Wzruszył mnie Piotrowy opis uzupełniania spiżarni i piwnicy. Jest to jedna z najprzyjemniejszych robót gospodarskich.
Od dwóch dni czytam sobie „kucharkę warzawską” i oto rady „spiżarniane” dla Piotra i kompanionów :
Jak przechowywać ryby świeże, żywe ? W zimie trzeba rybie w pyszczek wsadzić kawałek chlewba namoczony w wódce i wrzucić rybę w śnieg.
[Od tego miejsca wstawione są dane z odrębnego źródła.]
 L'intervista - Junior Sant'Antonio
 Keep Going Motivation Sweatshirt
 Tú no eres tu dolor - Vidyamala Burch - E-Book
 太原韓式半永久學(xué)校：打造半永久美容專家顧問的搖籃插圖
Kiedy nie ma śniegu, należy w rybę wlać kieliszek wódki, w pyszczek dać kęs chleba z wódką i wynieść do piwnicy na wilgotny mech i mchem obłożyć. Wysysłając rybę w drogę, trzeba dać wódki, do pyszczka chleba w wódce maczanego, kosz wyłożyć mchem, rybę obłożyć mchem i tak powinna 4-5 dni przeżyć, żeby żywą kucharz do użytku wziął.
Iżyku – mimo wszystko jesteś w lepszym położeniu, niż ta ryba w drogę wysłana
Leniuchuje cała Polska – z wyjątkiem haneczki.
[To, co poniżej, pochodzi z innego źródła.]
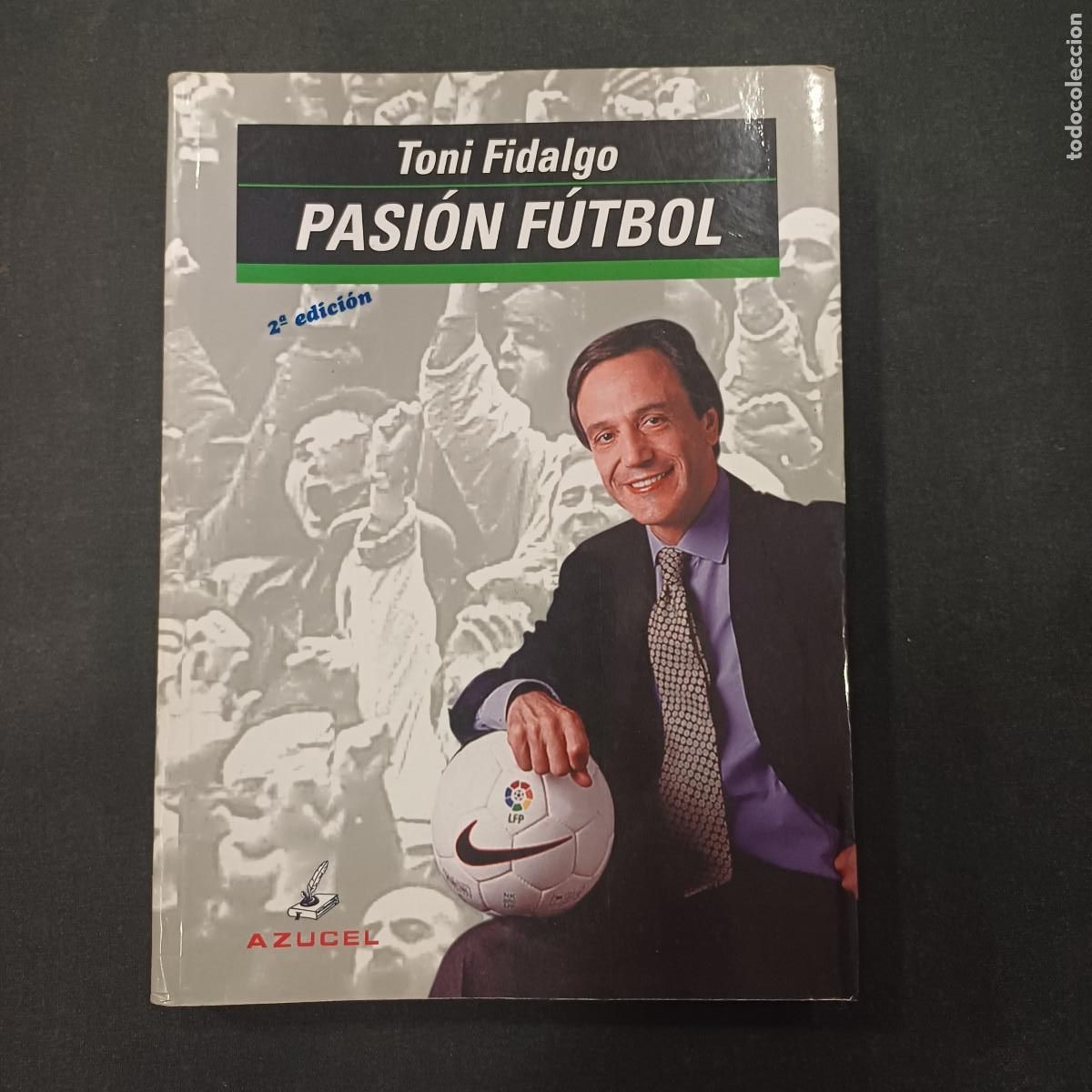 Coleccionismo deportivo: PASION FUTBOL/TONI FIDALGO.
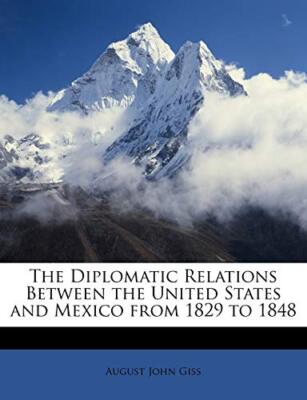 Giss - Diplomatic Relations Between the United States and Mexico from  - T555z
PRACUJĘ!!! WE WSZYSTKIE TE DNI PRACUJĘ!!!
I będę tu siedziała jak sierota, wszyscy miejscowi pójdą z blogu w plenery, bo grzechem byłoby nie iść. Byczcie się zdrowo i oby pogoda dopisała 😀
Piekę czasem chleb czosnkowy z ziólkami. Lubię żytni razowiec i chleby z ziarnem wszelakim, soja, dynią itp. Kminku starannie unikam.
Wiadomość dla Heleny: zgrubnę, daj mi miesiąc, tyle potrzeba żebym po ostatnich rozrywkach wróciła do siebie 🙂
Pyro, toż to czysty horror! Biedne ryby! Wódka w pyszczek! Ależ one musiały cierpieć.
Małgosiu,
Piszesz: „Tylko chyba polski można jeść bez niczego albo z samym masłem”. Otóż zapewniam cię – nie tylko!
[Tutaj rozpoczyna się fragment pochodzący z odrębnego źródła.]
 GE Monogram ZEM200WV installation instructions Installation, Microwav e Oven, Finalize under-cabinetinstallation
Ja rozumiem polsko-chlebową obsesję wśród tutejszych kulinariuszy, zwłaszcza tych mieszkających poza Polską ale wiem z doświadczenia, że piekarstwo chlebowe ani nie zaczyna się ani nie kończy w kraju naszych przodków.
Przejazdem w Danii kupiłem bochenek ciemnego, pełnoziarnistego „razowca” i poźarliśmy go praktycznie na miejscu. Z masłem – też prawdopodobnie duńskim.
Więcej przykładów nie podam a mam ich całe mnóstwo!
AndrzejuSz. w Holandii jadłam bardzo dobre pieczywo. Może Nirrod znajdzie chwilkę i coś napisze. W Szwecji jest chyba kiepsko, brat męża bardzo narzeka i wozi chleb z Polski, sami też często pieką.
haneczko,
W Szwecji nie jest kiepsko. Dobry, świeżo upieczony chleb można znaleźć niemal wszędzie, trzeba sobie jedynie zadać nieco trudu. Bardzo rozpowszechniona metoda pieczenia chleba w sklepach spożywczych (bake off) daje niezłe efekty.
Nie wspomnę już o nowoczesnych, dobrych piekarniach piekących chleb nie na przemysłową skalę., zaopatrujacych na przykład restauracje, które zresztą też często swój chleb same pieką. Dobry chleb jest tutaj „trendy”.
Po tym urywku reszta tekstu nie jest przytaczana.